直後、息つく間もなく「反クーデター」の名の下に大粛清を始めます。対象は軍人のほか警察、裁判官、学者、教員、その他の公務員、記者などあらゆる分野に及び、逮捕者5万人、解雇・停職12万人、閉鎖されたメディアは160社、政府に接収された企業は800社にのぼるといいます。
さらに、クルド人政党の党首ら国会議員13人が逮捕・投獄されました。
この人たち1人1人が本当にクーデターに関与したのかどうか、その詳細や証拠は明らかにされていません。
そんな状況で行われたのが、今回の国民投票でした。
もはやトルコには、エルドアン氏を批判する学者もメディアもほとんどありません。18項目からなる憲法改正案の内容や、野党による批判はほとんど報じられず、エルドアン氏は「改憲に反対するのはテロリスト」と繰り返しました。

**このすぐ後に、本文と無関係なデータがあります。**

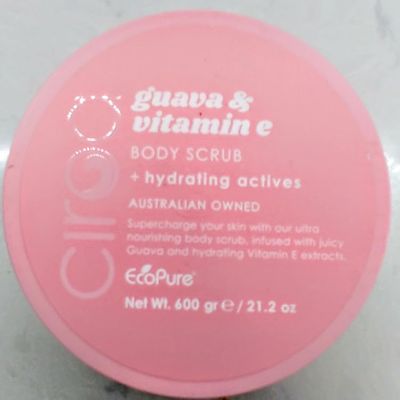 Ciroa, GUAVA & VITAMIN E, BODY SCRUB, + Hydrating Actives, 21.2 oz, (600gr) Pack of One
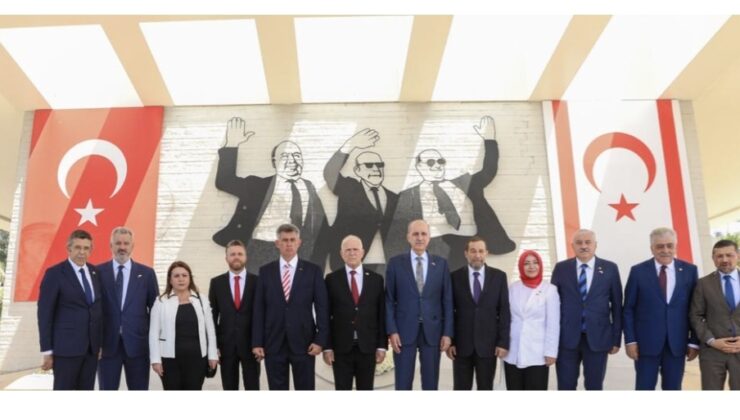 TBMM Başkanı Numan Kurtulmuş, Kurucu Cumhurbaşkanı Denktaş’ın anıt mezarını ziyaret etti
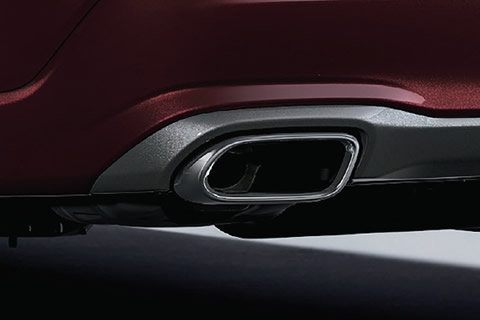 <strong>Chrome Exhaust Finishers</strong><br>Complements the exterior with a sleek, sophisticated finish. 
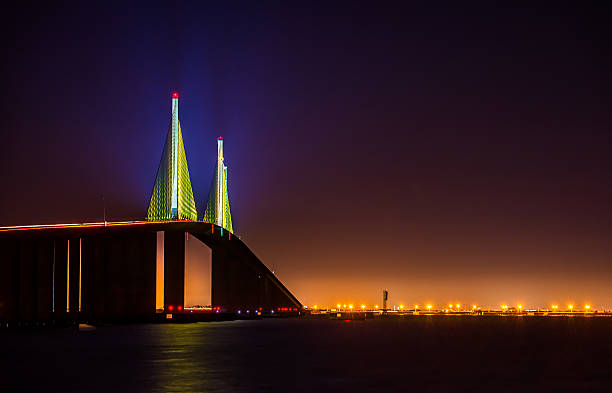 pont sunshine skyway - passerelle pont photos et images de collection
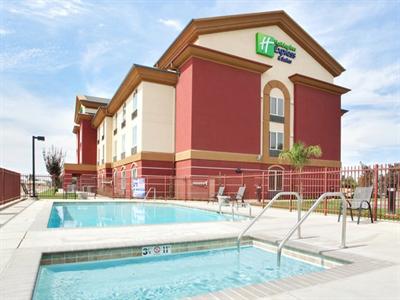фото отеля Holiday Inn Express & Suites Gateway to Yosemite
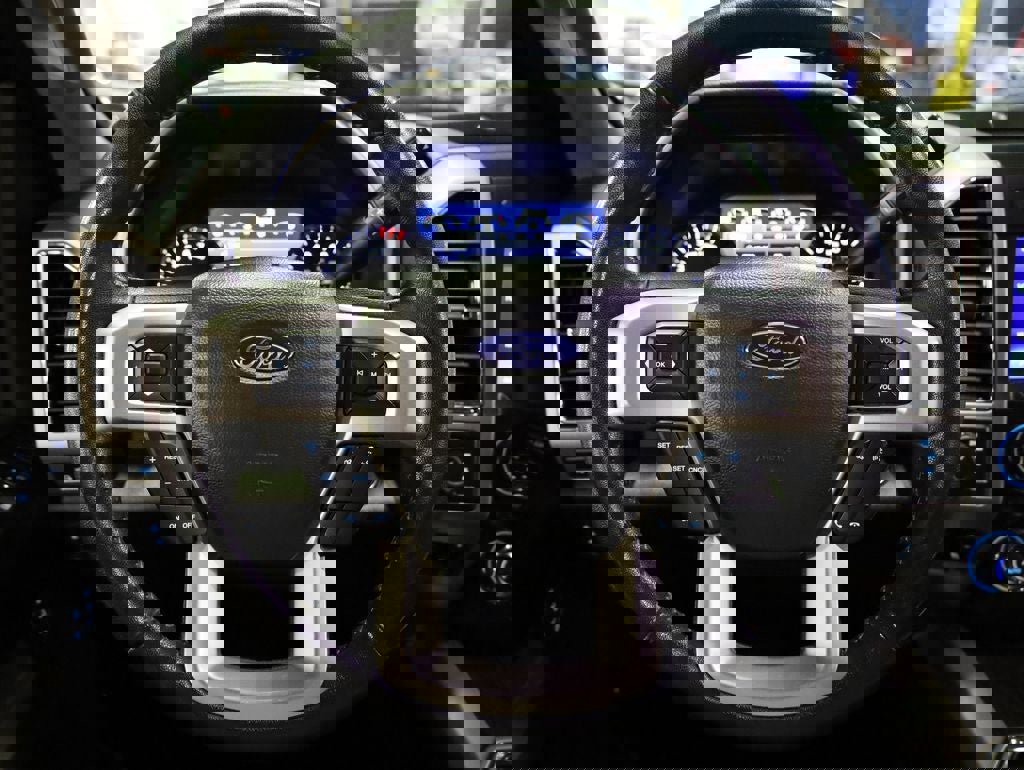 Certified 2020 Ford F250 Lariat image 22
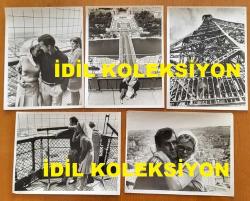 YEŞİLÇAM'IN YILDIZI HÜLYA KOÇYİĞİT'İN ORİJİNAL BÜYÜK BOY 5'Lİ FOTOĞRAF SETİ - 24 x 18 cm EBADINDA - HÜLYA KOÇYİĞİT ve EŞİ SELİM SOYDAN, FRANSA PARİS GEZİSİNDE EYFEL KULESİNE ÇIKIP ŞEHİR MANZARASI ÖNÜNDE BİRBİRLERİNE SARILIRKEN ve KADRAJA POZ VERİRLERKEN ÇEKİLMİŞ 5 FARKLI KARE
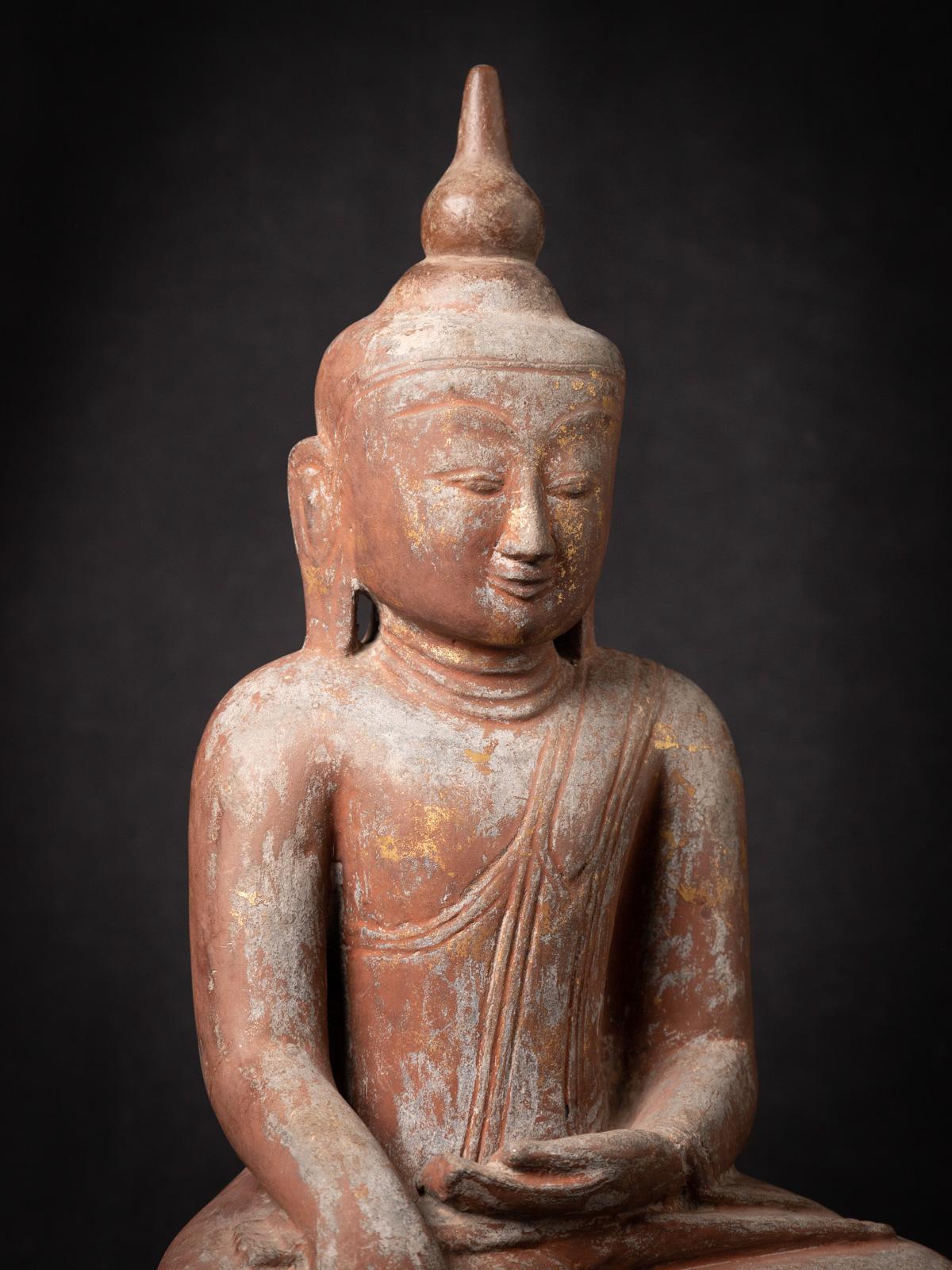 Exquisite 18th Century Burmese Sandstone Buddha Statue with Shan Tai Yai Style For Sale 3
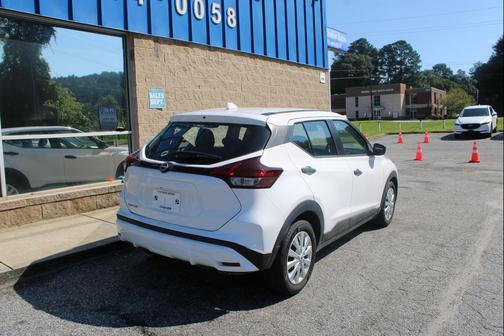 2023 Nissan Kicks S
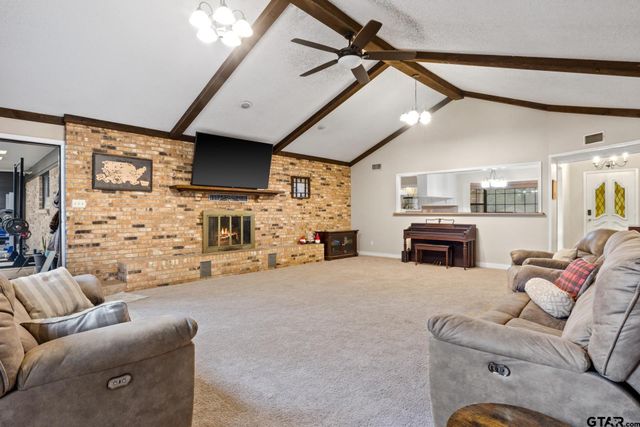 195 County Road 4164, Pittsburg, TX 75686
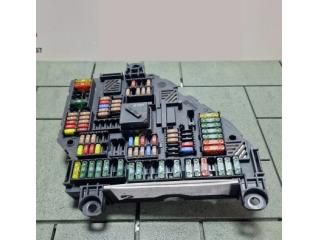 bontott BMW 5 F10 Biztosítéktábla Motortér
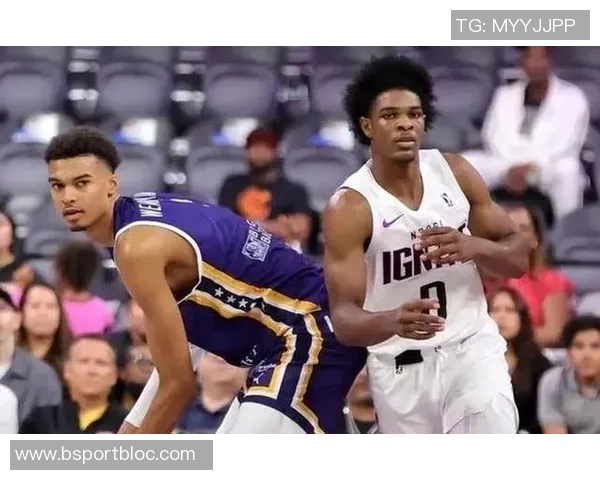 汤爹盛赞联盟顶尖防守球员文班亚马丹尼尔斯与卡马拉的卓越表现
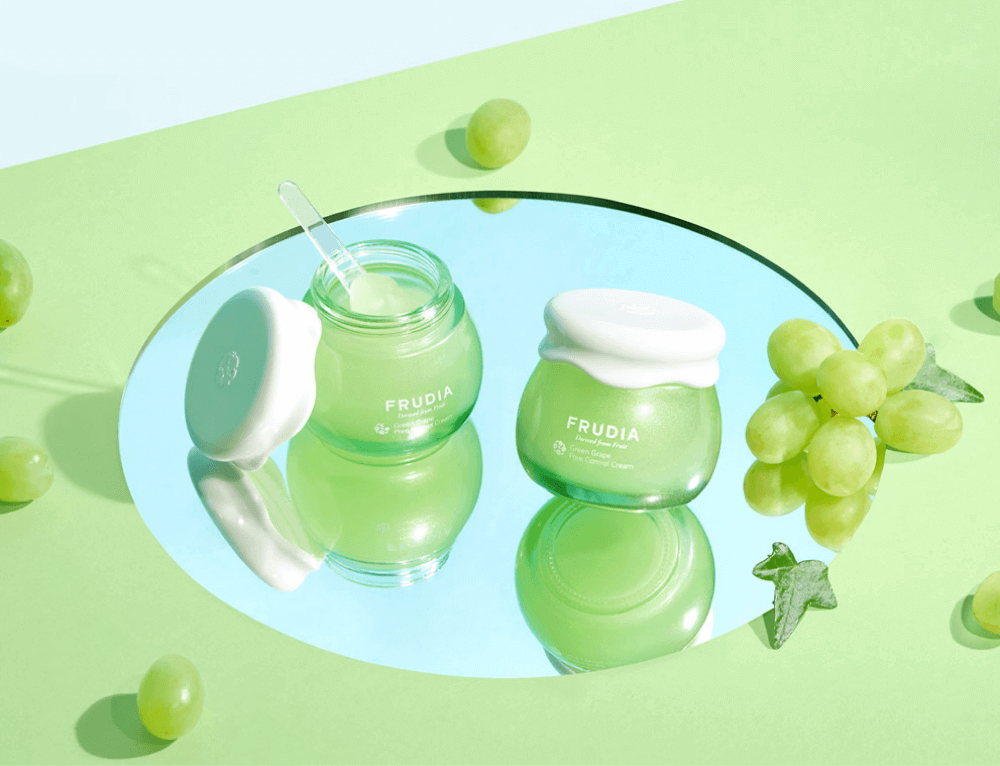 Себорегулирующий крем для сужения пор Frudia Green Grape Pore Control Cream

ヨーロッパがトルコに送った監視団も開票後、公平な選挙報道が行われなかったと指摘。AKPが、政治的には中立であるべき公共事業の開会式を使ってキャンペーンをし、公務員や大学生を動員した疑いがあるとしています。
開票結果は改憲賛成が51.41%、反対が48.59%とわずかな差でした。
改正のほとんどは、2019年に行われる次の大統領選挙のあとから適用になります。大統領は大臣を決め、国会を解散できます。検察や裁判所の人事も、大統領の考えが強く反映されるようになります。
裁判所が大統領の意に反した判決や命令を出したり、検察が汚職を捜査することも難しくなるでしょう。「三権分立」はもはや風前のともし火です。
そして、エルドアン氏以外に大統領になれそうな人は見当たりません。目ぼしい政敵は、既にみな排除されてしまっているからです。